Given material:
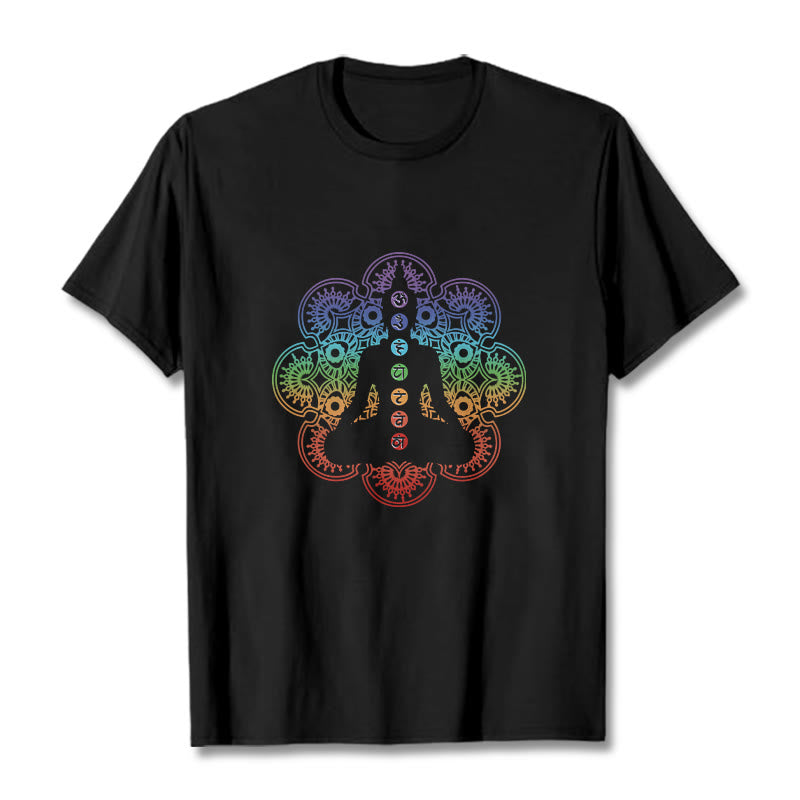 Buddha Stones Casual Meditating Figure Colorful Mandala Pattern Cotton Tee T-shirt - Black - 2XL - image 0
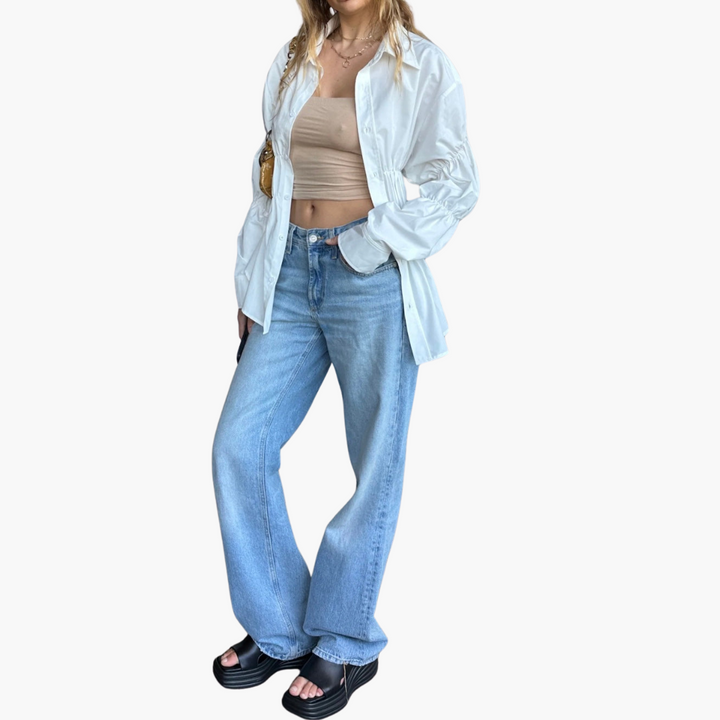 Women’s Blouse with Puff Sleeves and Ruched Front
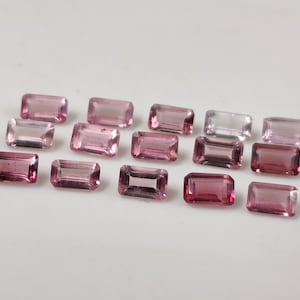 Natural Pink Tourmaline Gemstone: Octagon Cut, 3x5 mm, October Birthstone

Work required: Retype the data above exactly. Leave the pictures out.

Solution to this problem:
 Buddha Stones Casual Meditating Figure Colorful Mandala Pattern Cotton Tee T-shirt - Black - 2XL - image 0
 Women’s Blouse with Puff Sleeves and Ruched Front
 Natural Pink Tourmaline Gemstone: Octagon Cut, 3x5 mm, October Birthstone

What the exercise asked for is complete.